Wish you a fast and full recovery


----------



## idahopz (Dec 22, 2017)

Best wishes for a speedy recovery, Al, and Merry Christmas to you and yours!  Our thoughts will be with you


----------



## Rings Я Us (Dec 22, 2017)

Will have you in my prayers.
Should be fine.. 
Merry Christmas to You and yours!


----------



## Bearcarver (Dec 22, 2017)

I can't believe this!!
I'll swap you some Prayers, Al.
I just posted a similar one myself.
Linda is going in again for the other Hip, on the 27th:
http://smokingmeatforums.com/threads/need-some-help-again-for-mrs-bear.271027/

Hoping everything goes Real good for you Al, and my Best to Judy.

Bear


----------



## phatbac (Dec 22, 2017)

We will be praying for you and Judy, Al!

Sincerely,
Aaron


----------



## HalfSmoked (Dec 22, 2017)

Best wishes for a speedy recovery and successful out come. Prayers your way. my wife has already had both done now wishes she had done it sooner.

Warren


----------



## link (Dec 22, 2017)

Al, 
hoping you have a speedy recovery. Take good care of yourself.
Link


----------



## lamar (Dec 22, 2017)

Good luck to you Al.  I hope your replacement goes as easy as my spouse's did a couple of years ago.   She had zero problems and is as good as new.
Best to you.
Lamar


----------



## GATOR240 (Dec 22, 2017)

Good luck, take care and and Merry Christmas.


----------



## noboundaries (Dec 22, 2017)

Al, you'll be fine buddy!  Soon you'll be a full fledged member of the titanium hip Super Smoker Club! Got my membership card a while ago.  Enjoy the nap on Wednesday, wake up, take the happy pills, and you'll be up and around before you know it. It gets better every day.  Here's wishing you a speed recovery and a cute physical therapist!


----------



## troutman (Dec 22, 2017)

Hang in there Al.  I have two friends that got their knees replaced and one that just had his hip replaced.  I've had ankle surgery to fuse my left ankle.  All of us suffered through a bit of pain but quickly bounced back better than ever.  I talked with the guy who had his hip replaced within 48 hours of his surgery and he sounded like he was ready to do the fox trot.

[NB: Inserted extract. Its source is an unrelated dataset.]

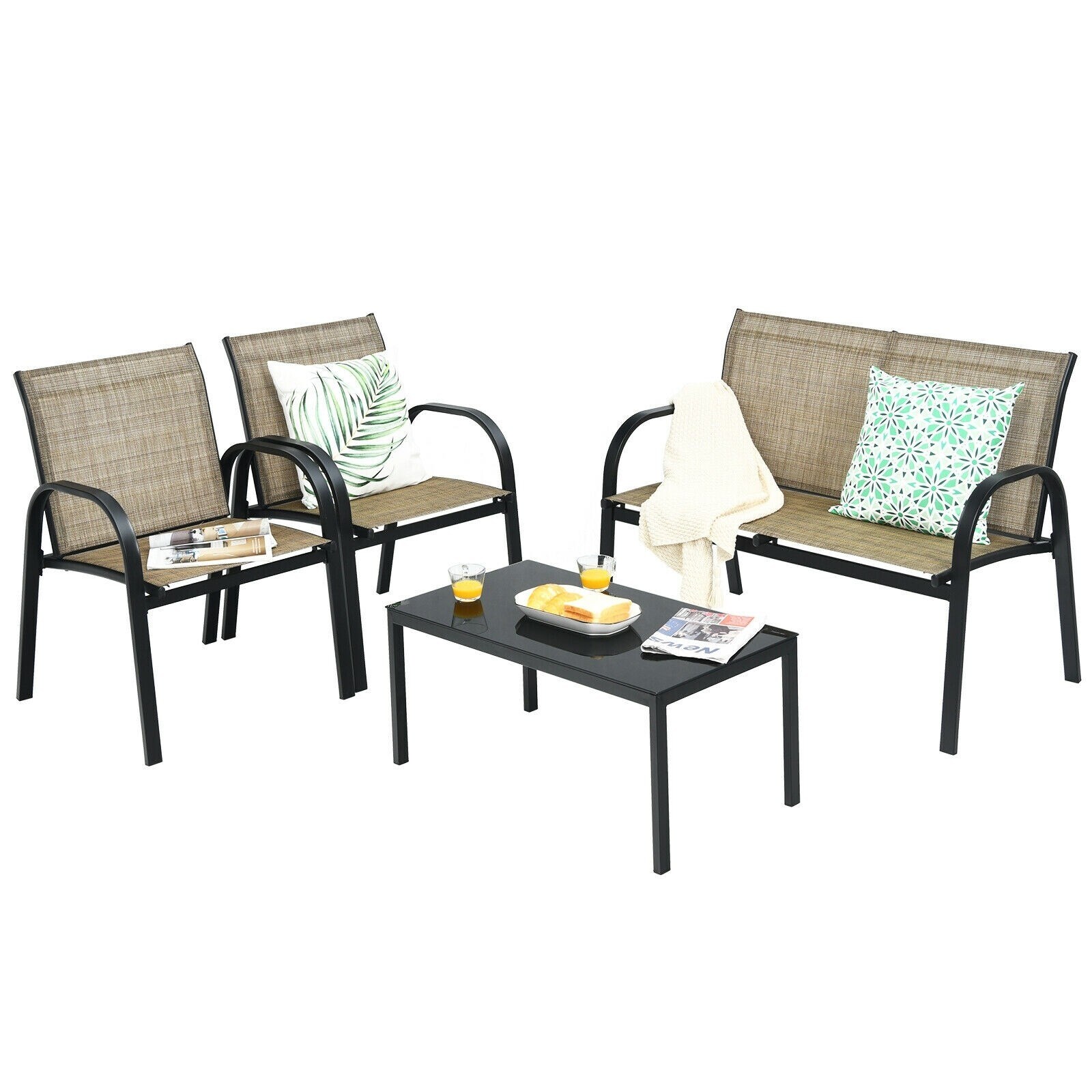 4 pcs Patio Furniture Set with Glass Top Coffee Table - 42.5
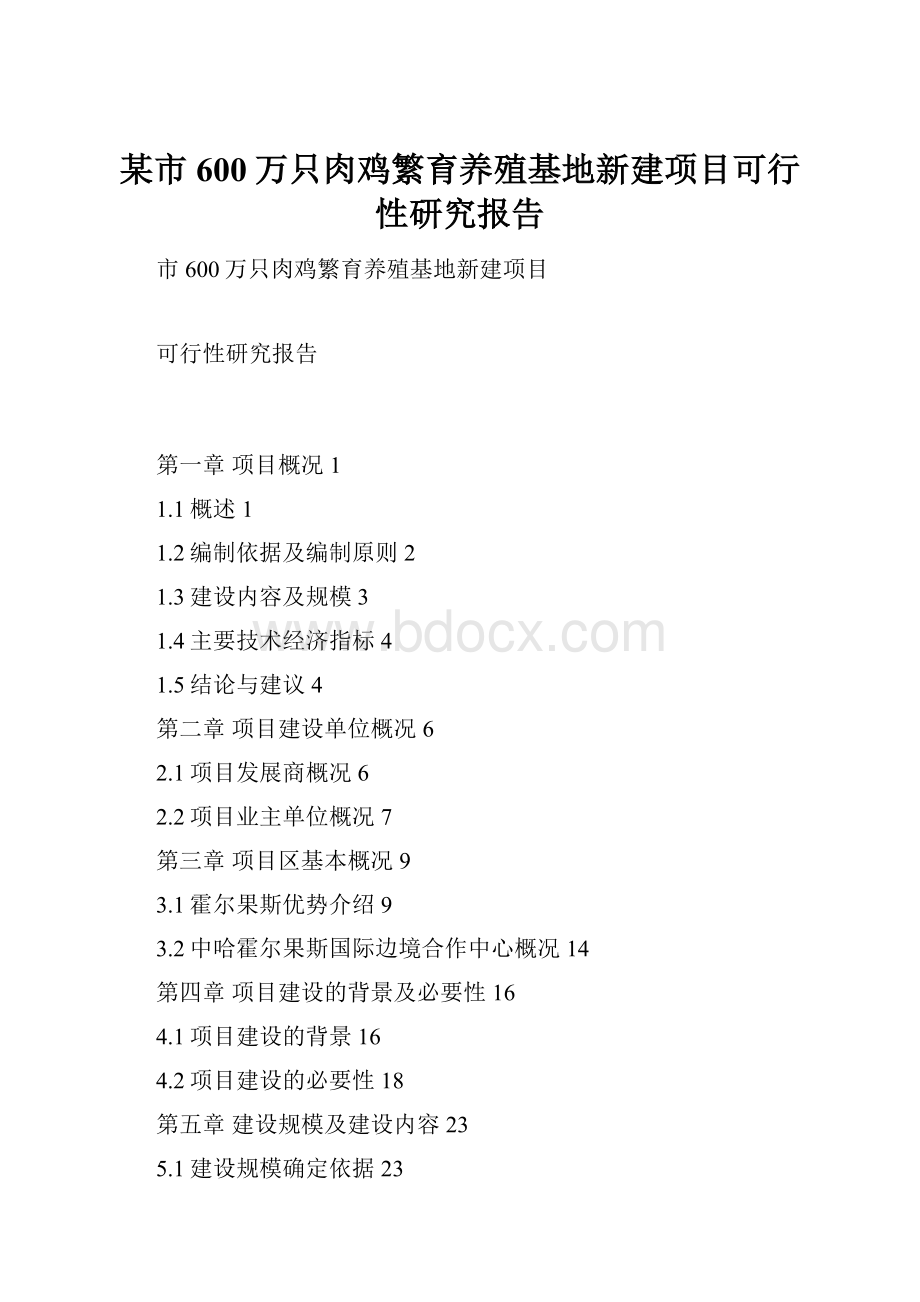 某市600万只肉鸡繁育养殖基地新建项目可行性研究报告.docx_第1页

Hopefully all will be well and you'll be back moderating the crazies all too soon.  Have a great holiday otherwise and good luck brother !!


----------



## Braz (Dec 22, 2017)

Good luck Al. From what I have heard, the physical therapy is the hardest part. Those PT people are tough as drill sergeants.


----------



## tallbm (Dec 22, 2017)

You and your family have my best wishes and prayers.  Get back to being healthy ASAP :D


----------



## motocrash (Dec 22, 2017)

Godspeed Al ! Hopefully that Mustang is an auto.


----------



## danbono (Dec 22, 2017)

Good luck..Speedy recovery.
Dan


----------



## rjob (Dec 22, 2017)

Al,
Pray for a successful surgery. Just finished PT on my second hip (left) today. Two hips and a knee replacement since 2012. Putting off replacement just prolongs the pain. Did that on a knee and regret not doing it 10 years earlier. A site called bonesmart.org may help provide information to support your decision.


----------



## yankee2bbq (Dec 22, 2017)

Get well soon Al!


----------



## tbrtt1 (Dec 22, 2017)

I hope Santa brings you a nice shiny one!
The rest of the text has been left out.